What factor determines the current produced by a photo cell, the maximum K.E of the photoelectrons parts?. State one difference and similarity between photoemission and evaporation. Name two other methods a beam of free electrons may be produced apart from photoemission. State two application ¹of photoelectric effect. A light wavelength 5.0 x 10⁻⁶m is incident on metal resulting in photoemission of electrons. If the work function of the metal is 3.04 x 10⁻¹⁹ j, calculate the: (i.) frequency of the light (ii) energy of the incident photon (iii) max. K.e of the photoelectrons (speed of light = 3.0 x 10⁸m/s, h = 6.6 x 10 ̄ ³⁴ Js).

*State two: i) properties of x – rays. Ii) Reasons to show that x – rays are waves. (iii) Uses of x – rays other than those in medicine. (iv) Hazards of x – rays.

The potential difference between the cathode and target of an x-ray tube is 5.0 x 10⁴V and the current in the tube is 2.0 x 10⁻²A. Given that only 1% of the total energy supplied is emitted as x- radiation, determine: (i) max.
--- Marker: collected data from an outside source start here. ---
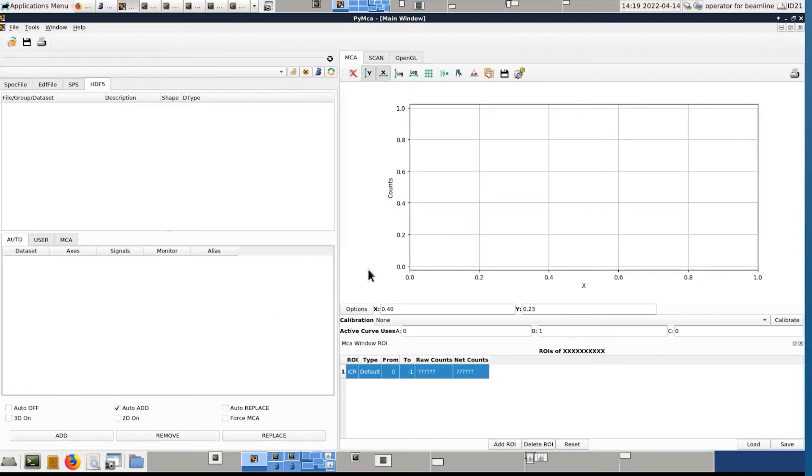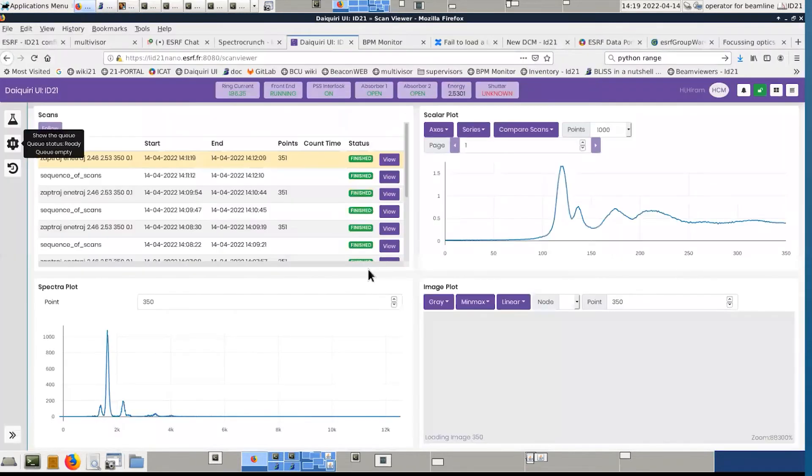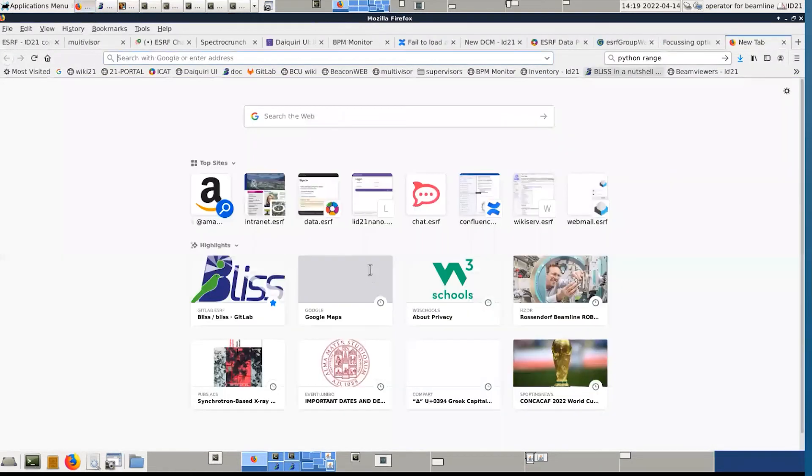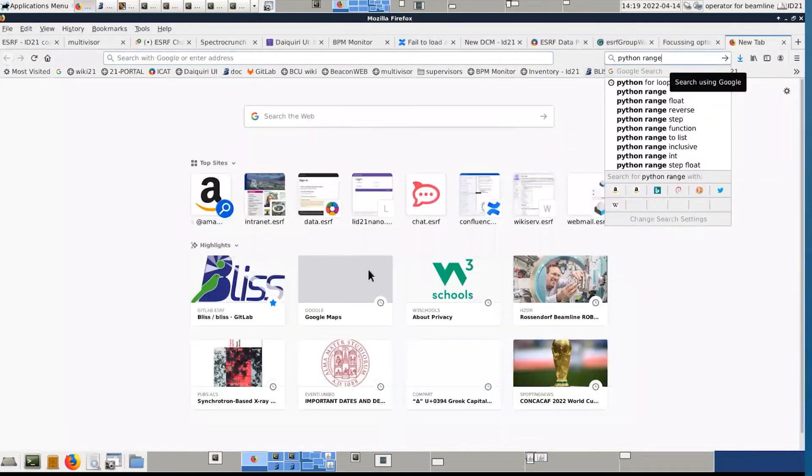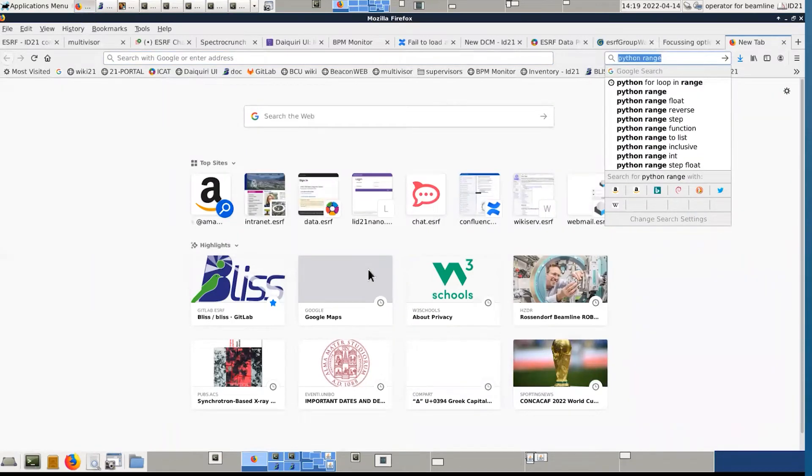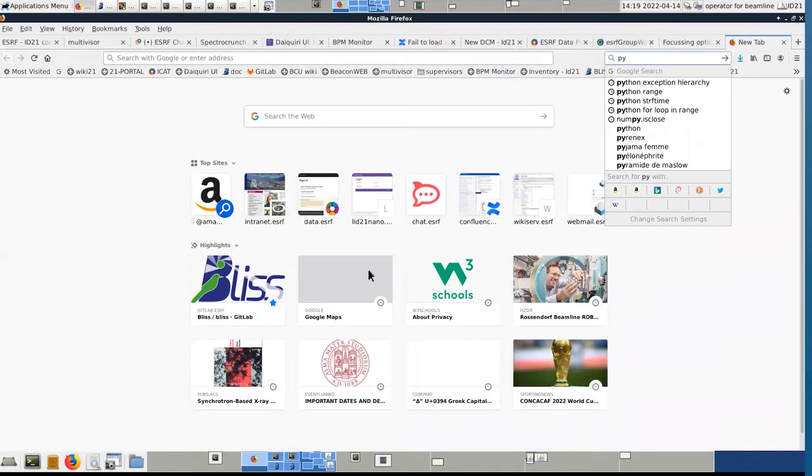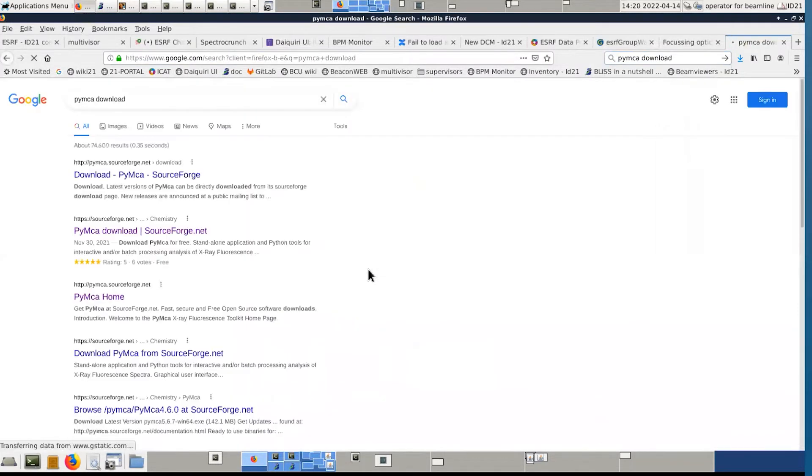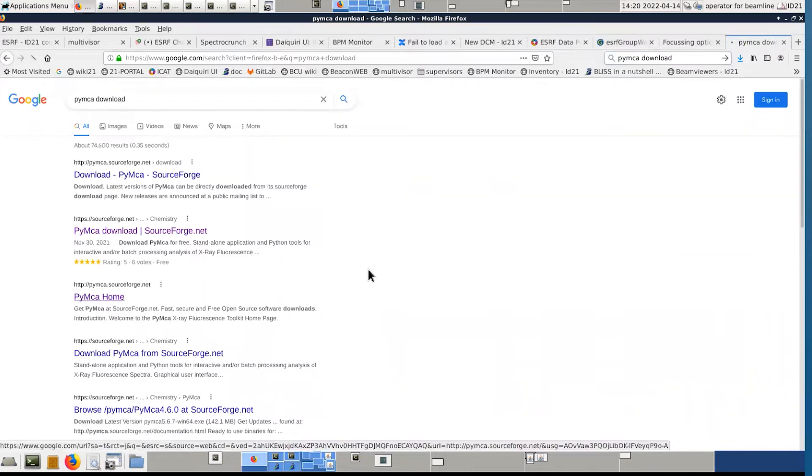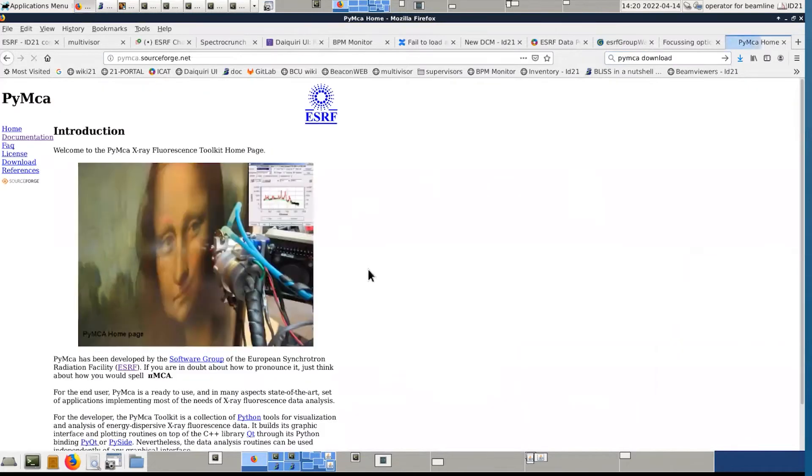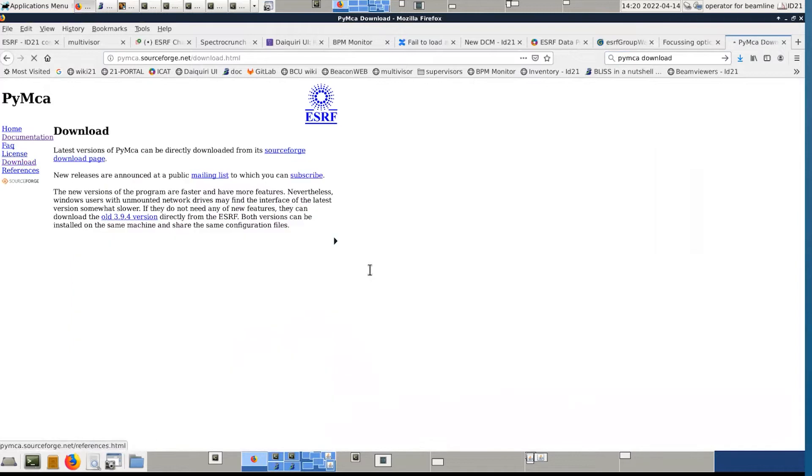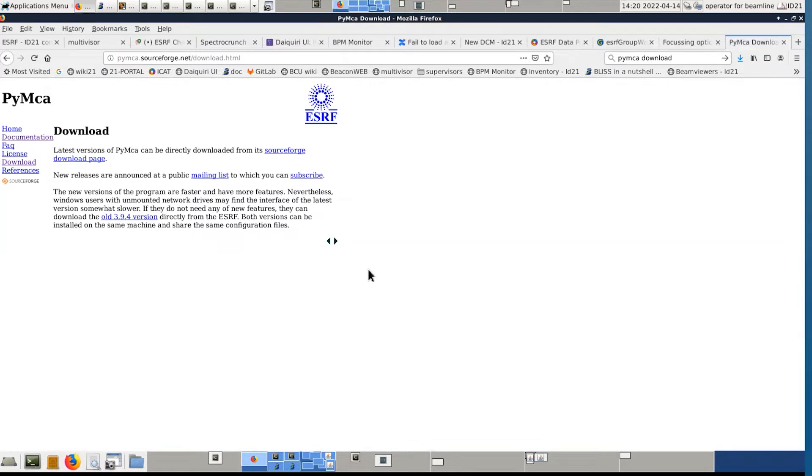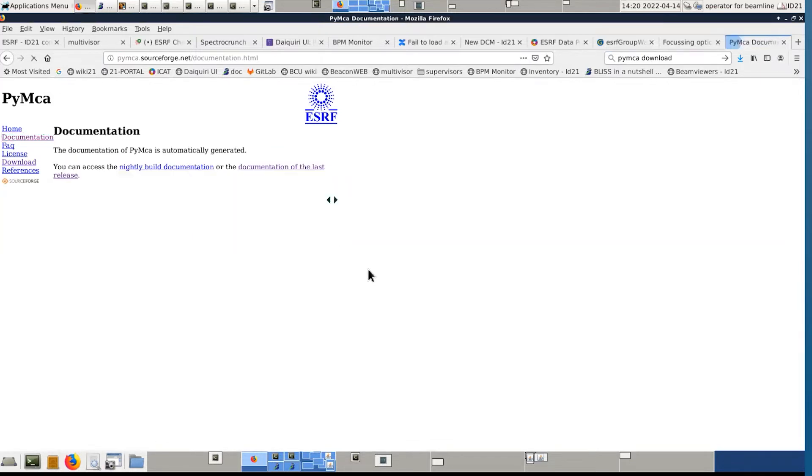For the display and analysis of your data, we are going to use PyMCA. PyMCA is a free software developed at ESRF that you can download on the web. So here you have the main web page, here you can download the last version of the software, both for PC and Mac, and you have some tutorials, explanations and so on.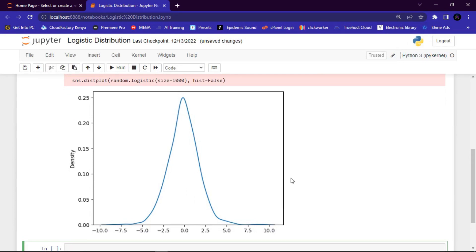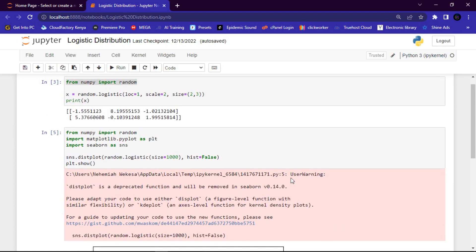Now let's understand the difference between logistic and normal distribution. Remember, both distributions are nearly identical, but logistic distribution has more area under the tails, meaning it represents more possibility of occurrence of an event further away from the mean. For higher values of scale (standard deviation), the normal and logistic distributions are near identical apart from the peak.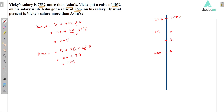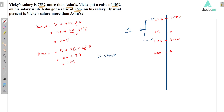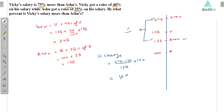Ashu's new salary is 125. Now we have to find the percentage change between these two values. The percentage change is equal to 245 minus 125, and we are comparing this with respect to Ashu's new salary, so divide by 125 into 100. This equals 96%.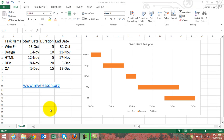Hello everybody and welcome to my e-lesson. I'm your guru and in this video I'm going to teach you how to create a Gantt chart in Excel 2013. A Gantt chart is a way of representing the project life cycles of activities.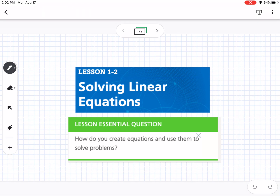Our first lesson is lesson 1-2 — we're actually skipping lesson 1-1. We're starting out with solving equations, which you've done in previous classes, so this is kind of to practice different types of solving. Our essential question is: how do you create equations and use them to solve problems?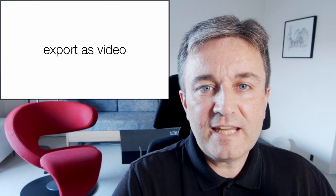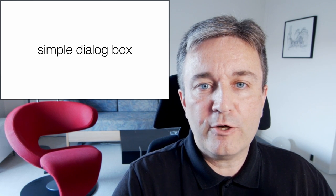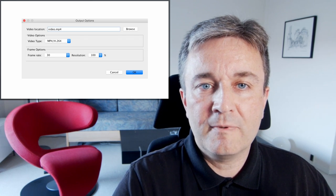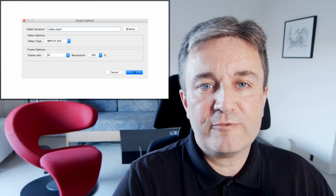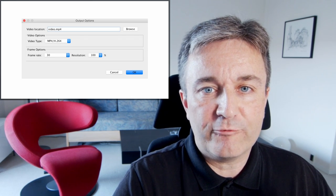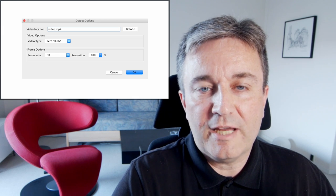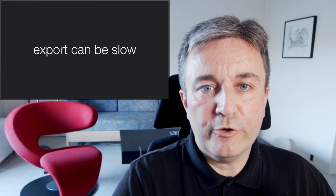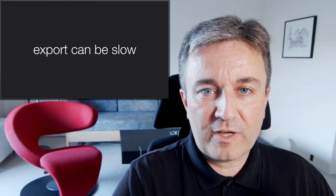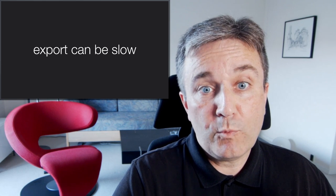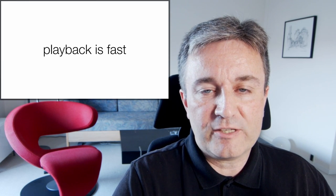You can take the result and export it as a video using a simple dialog box that looks like this. You simply specify the file name, the file format, the frame rate, and the resolution, and you export it. I should warn you, though, that export can be rather slow. But once it's exported, playback is fast.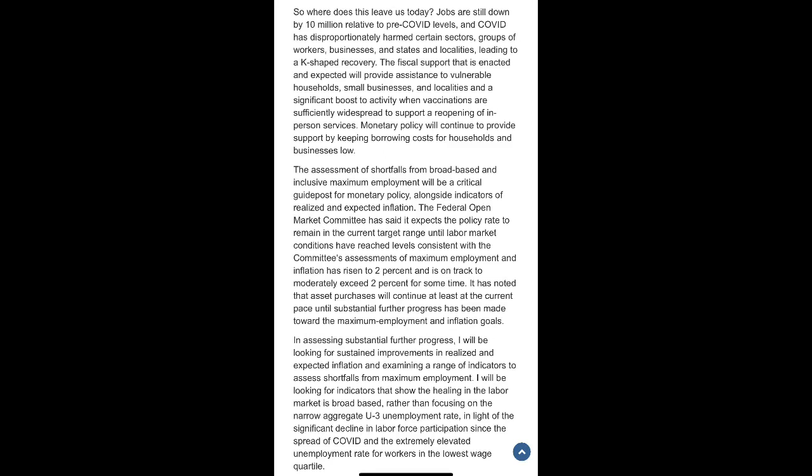The assessment of shortfalls from broad-based and inclusive maximum employment will be a critical guidepost for monetary policy, alongside indicators of realized and expected inflation. The Federal Open Market Committee has said it expects the policy rate to remain in the current target range until labor market conditions have reached levels consistent with the committee's assessments of maximum employment and inflation has risen to 2% and is on track to moderately exceed 2% for some time. It has noted that asset purchases will continue at least at the current pace until substantial further progress has been made toward the maximum employment and inflation goals.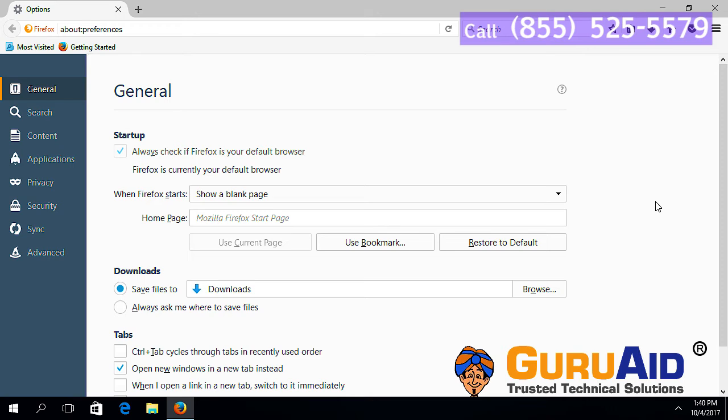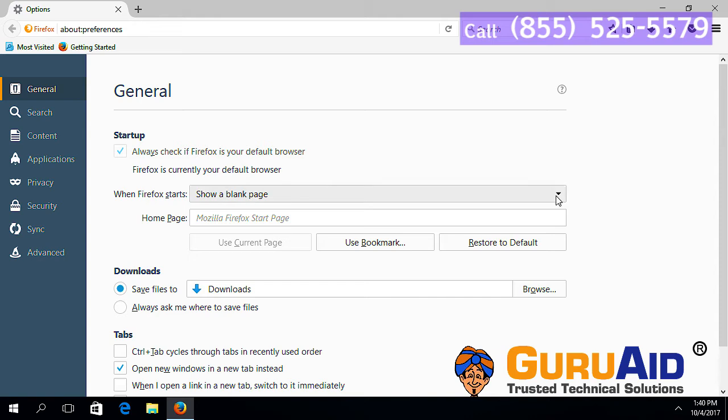In the startup section, click on the drop down present next to when Firefox starts. Select show my home page.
Frequency of the radiation. (ii) Rate at which heat is removed from the target in other to keep it at a steady temperature (h = 6.6 x 10 ̄ ³⁴ Js), electronic charge e = 1.6 x 10 ⁻¹⁹C ).

*The uncertainty in determining the duration during which an electron remains in a particular energy level before returning to the ground state is 2.0 x 10 ⁻⁹s. calculate the uncertainty in determining its energy at that level. ( pai = 22/7, h = 6.6 x 10 ̄ ³⁴ Js. SSCE,2006.

*The mass and wavelength of a moving electron are 9. X 10⁻³¹ kg and 1.0 x 10 ̄ ¹⁰ respectively. Calculate the K.E of the electron. h = 6.6 x 10 ̄ ³⁴ Js.

*State the Heisenberg’s uncertainty principle. Mention two phenomena that can only be explained in terms of the particulate nature of light. SSCE,2004.

*Explain how neon signs can be produced. State two factors on which the colour of light from a fluorescent tube depend. SSCE, 2002.

*Name two types of gas which can be used in gas discharge tube device.